NdA: qui cominciano i riferimenti più evidenti: quello al “Giardino Segreto” di Burnett è abbastanza palese, sebbene come potete immaginare non sarà una comune chiave ad aprire l’ingresso del giardino… siamo nel mondo della magia in fondo! Concedendomi un po’ di romanticismo classico, ho pensato di dare ad un usignolo il ruolo che nel libro è svolto dal pettirosso di Ben.
Per quanto riguarda Isanhild, l’amante del vecchio Salazar (che mi sono inventata di sana pianta), il suo nome è l’antica versione germanica del nome “Isotta” che, come molti ricorderanno, nella leggenda di Tristano e Isotta era una principessa irlandese..

Devo ringraziare tanto le mie “fedelissime” che non mi fanno mai mancare il loro appoggio… ormai conosco i vostri nomi e sapere che la mia firma sotto un nuovo titolo vi fa venir voglia di leggere non può che riempirmi di gioia e soddisfazione.
Sono sempre molto insicura all’inizio di una nuova storia (Savannah, Chiarotta ed Euridice lo possono confermare: strepito e blatero, mi lamento e mi riempio di dubbi… poi chino la testa e scrivo, non c’è altro da fare), quindi mi rincuora tantissimo vedere già tanto interesse al primo capitolo.

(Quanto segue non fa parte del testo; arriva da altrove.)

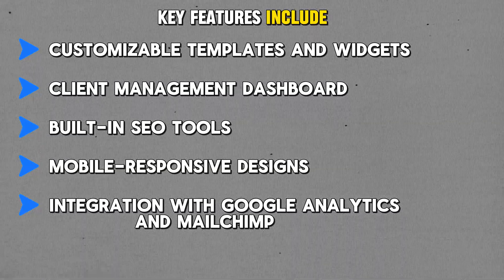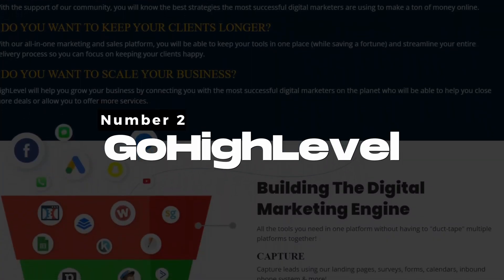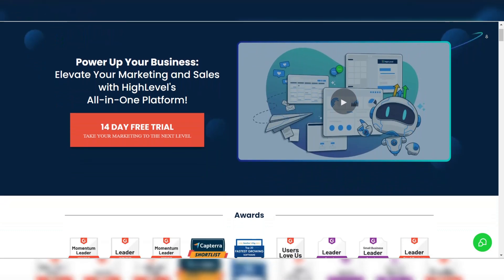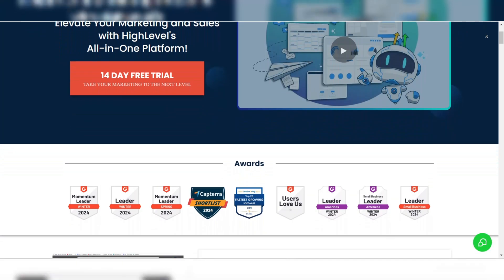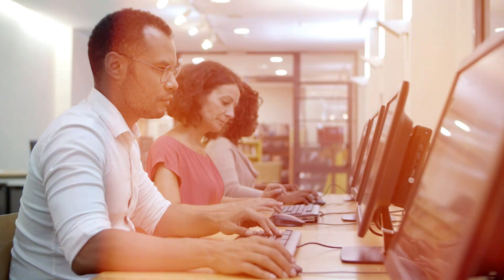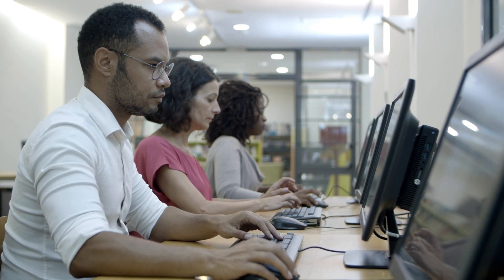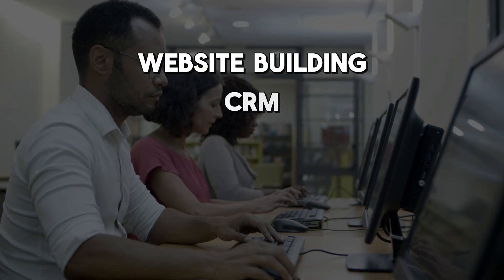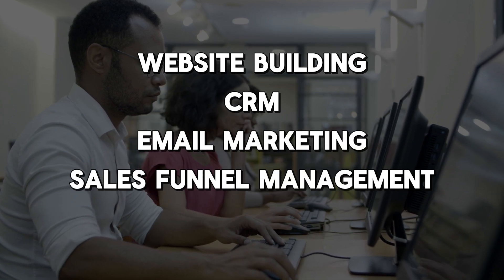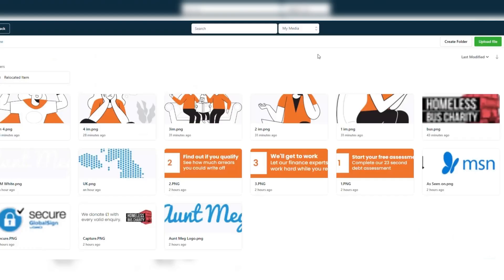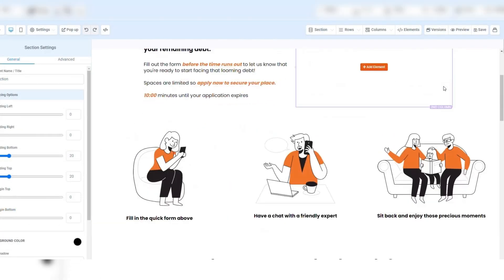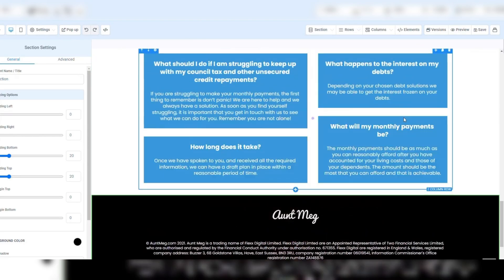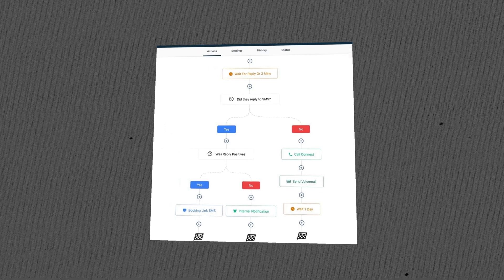Number two: Go High Level. Go High Level is a powerful all-in-one sales and marketing platform that goes beyond just website building. It's specifically designed for agencies that want to offer a complete digital solution, including website building, CRM, email marketing, and sales funnel management. The platform includes a drag-and-drop website and funnel builder, making it easy to create high-converting landing pages and websites for your clients.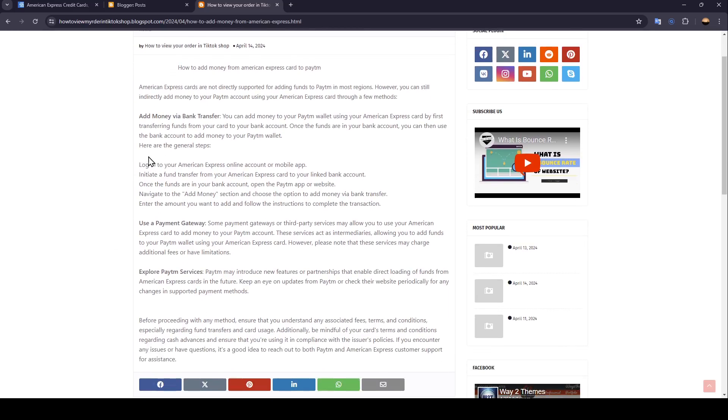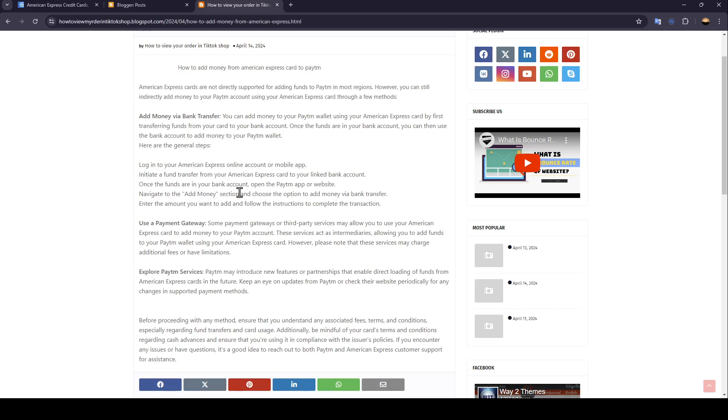Firstly, log into your American Express online account or mobile app. Initiate a fund transfer from your American Express card to your linked bank account. Once the funds are in your bank account, open the Paytm app or website. Navigate to the add money section and choose the option to add money via bank transfer. Enter the amount you want to add and follow the instructions to complete the transaction.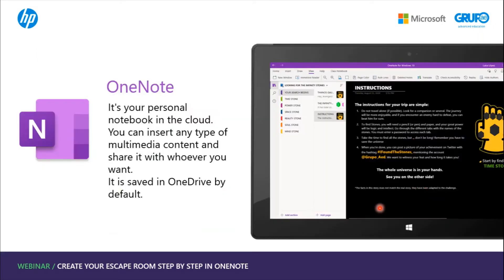Today we will explain how to create these escape rooms using OneNote, the Office 365 tool that serves as a personal notebook in the cloud, where we can insert any type of multimedia content to share with whoever we want. Since it is saved in the cloud, you do not need to save it yourself — it is saved automatically in OneDrive.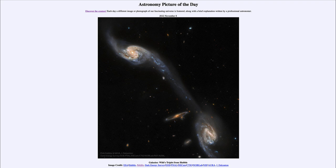Additional measurements are needed to determine that aspect of distance. So that was our Astronomy Picture of the Day for November 8th of 2022, titled Galaxy Wild's Triplet from Hubble. We'll be back again tomorrow for the next picture, previewed to be Nebular Mystery. Until then, have a great day everyone, and I will see you in class.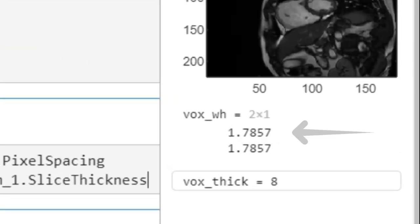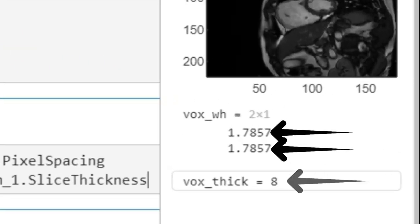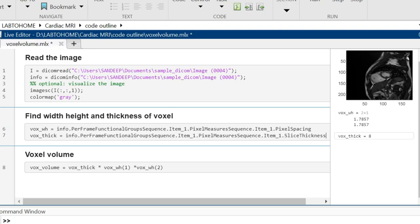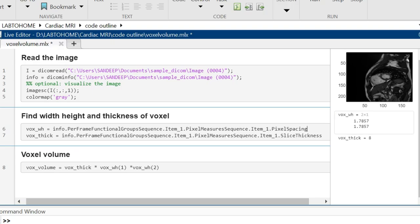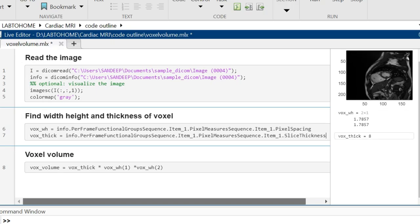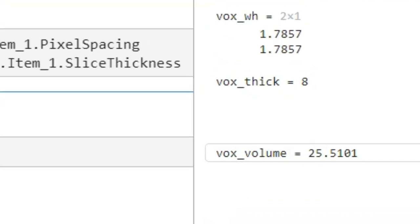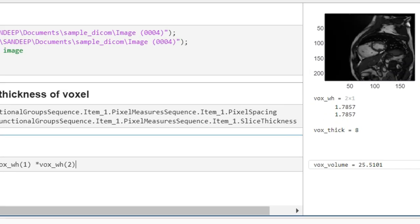Once we have all the three values, we simply multiply them. So width, height and thickness multiplied gives us the volume of the voxel which is 25.5 mm³.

Comunque grazie a Aurora (la tua fiducia non sarà mal riposta, spero… sono contenta che i riferimenti che uso siano intriganti), Thaiassa (grazie! Fammi sapere se continua a piacerti!), Klaretta (la signora dei gelsomini avrà un ruolo chiave, direi… quindi non preoccuparti, la conoscerai! Hermione ha un ruolo particolare in questa storia, ma spero di fartela piacere comunque, un bacio!), Cl@u (grazie davvero! Spero che continui a piacerti!), Seiryu (grazie cara! Il riferimento al giardino segreto qui è ancora più palese, spero che ti sia piaciuto!), GIU (! ^__^), fiubi (grazie davvero, una recensione bellissima! Per quanto riguarda il film… beh, lo scoprirai molto più avanti, ma tutto dipende anche dal fatto che tu sia o meno abbastanza “grande” per ricordarlo! ^__^ Spero che ti sia piaciuto anche questo! Baci!)
Un ringraziamento speciale alla cara Saty: con te le parole si sprecano! Pensare che sono anni che mi conosci attraverso ciò che scrivo mi fa sentire molto vicina a te, e il tuo sostegno è molto più importante di quello che pensi per questo mio “hobby”. Hermione avrà una parte particolare, ma molto intensa, in questa storia e spero, sul serio, di fartela amare. Sono contenta che tu abbia apprezzato il cambio di narrazione tra le scene con Hermione e quelle magiche e sognanti in cui Ginny è da sola. A presto, non vedo l’ora di sapere cosa ne pensi! Un bacio!!!!